C'est un fait sur lequel il ne faut jamais se lasser de réfléchir qu'un siècle et demi plus tard, ce pathos semble aujourd'hui avoir complètement disparu. Les hommes ont survécu placidement à la mort de Dieu et continuent à vivre sans faire d'histoires, comme si rien ne s'était passé, pour ainsi dire.
Comme si rien ne s'était passé… Le nihilisme, que les intellectuels européens avaient d'abord accueilli comme le plus dérangeant des invités, est devenu un quotidien tiède et indifférent, avec lequel, contrairement à ce que pensaient Tourgueniev et Dostoïevski, Nietzsche et Heidegger, il est possible de vivre en paix, de continuer à chercher de l'argent et du travail, de se marier et de divorcer, de voyager et de partir en vacances.
L'homme d'aujourd'hui erre sans y penser dans un no man's land, au-delà non seulement du divin et de l'humain, mais aussi (n'en déplaise à ceux qui théorisent cyniquement un retour de l'homme à la nature dont il est issu) de l'animal. Bien sûr, tout le monde conviendra que tout cela n'a aucun sens, que sans le divin nous ne savons plus penser l'humain et l'animal, mais cela signifie simplement que tout et rien sont désormais possibles.
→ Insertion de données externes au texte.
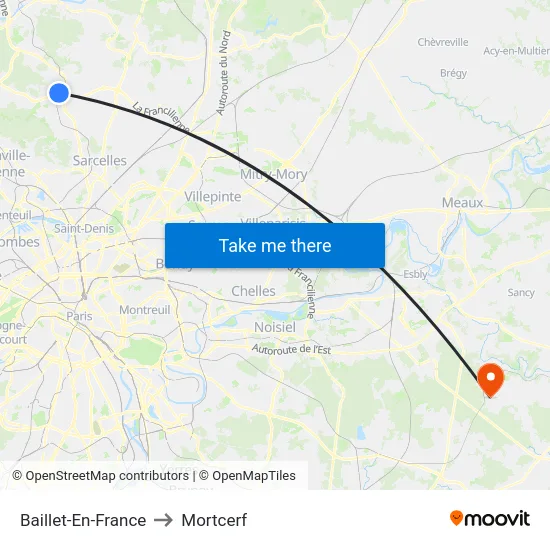 Baillet-En-France to Mortcerf map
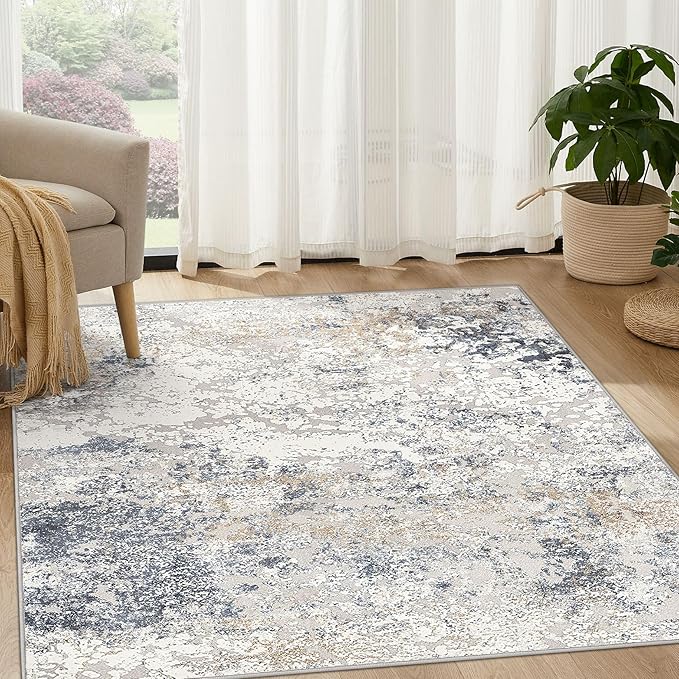 Square Area Rug Living Room Rugs - 5x5 Washable Large Soft Indoor Neutral Modern Abstract Low Pile Rug Carpet for Bedroom Dining Room Farmhouse Home Office - Beige Blue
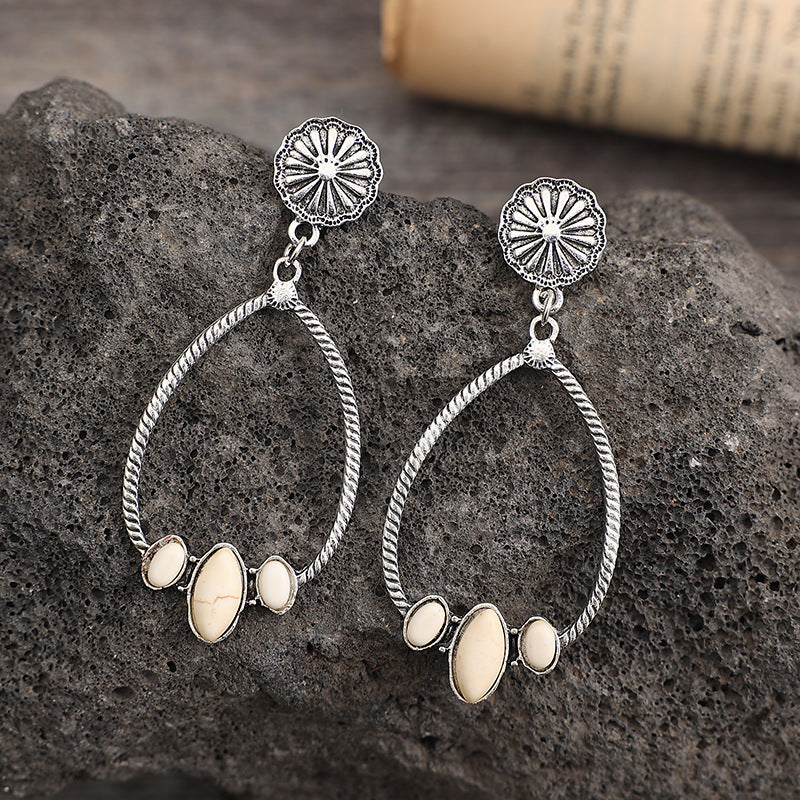 Turquoise Statement Floral Earrings - product image 6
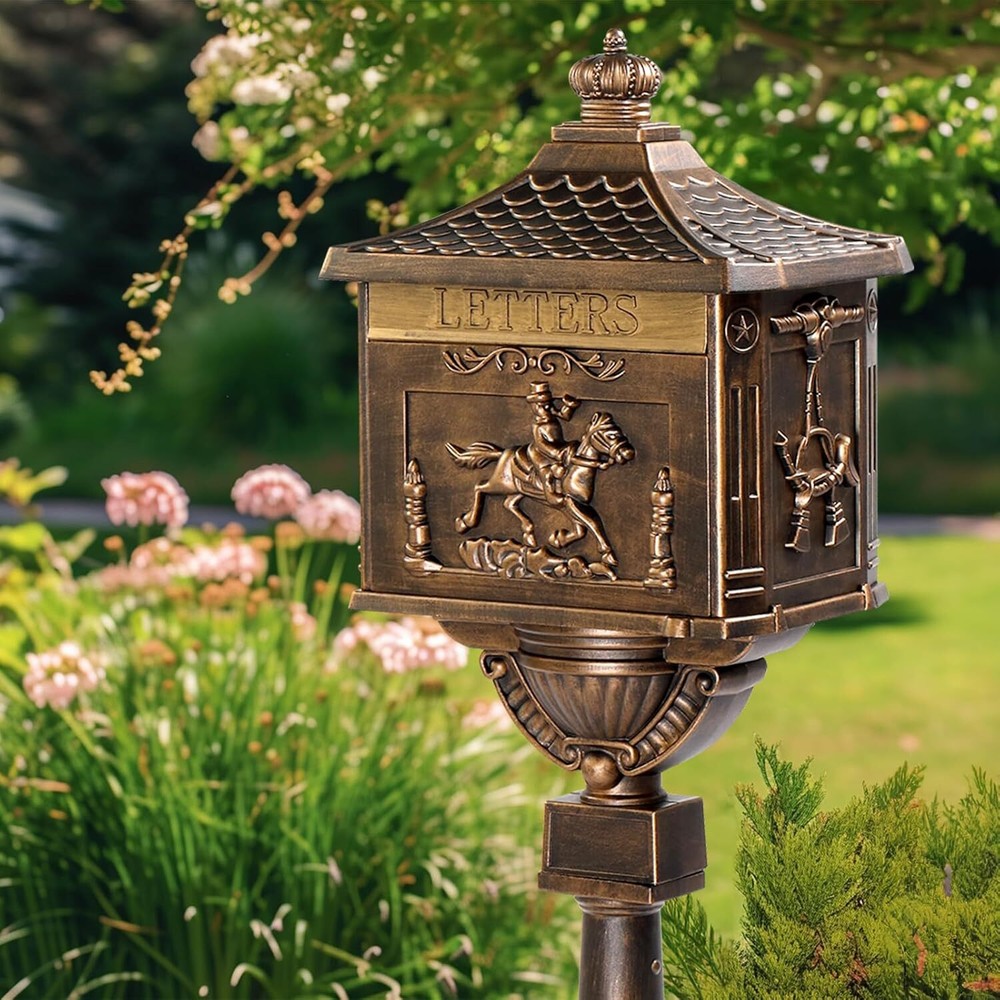 Cast Aluminum Post Mailbox, Locking Residential Mailboxes with Keys, Rust-Proof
Rien : c'est-à-dire qu'à la limite il n'y a plus le monde, mais que le langage demeure (c'est, si vous y réfléchissez, le seul sens du terme « rien » – que le langage détruit, comme il le fait, le monde, croyant qu'il peut lui survivre).
Tout : peut-être même – et c'est décisif pour nous – l'apparition d'une nouvelle figure – nouvelle, c'est-à-dire archaïque et, en même temps, très proche, si proche que nous ne pouvons pas la voir. Qui et quoi ? Du divin, de l'humain, de l'animal ? Nous avons toujours pensé le vivant au sein de cette triade, à la fois prestigieuse et incertaine, en les jouant toujours les uns contre les autres ou les uns avec les autres. N'est-il pas temps de se souvenir de l'époque où le vivant n'était pas encore un dieu, un homme ou un animal, mais simplement une âme, c'est-à-dire une vie ?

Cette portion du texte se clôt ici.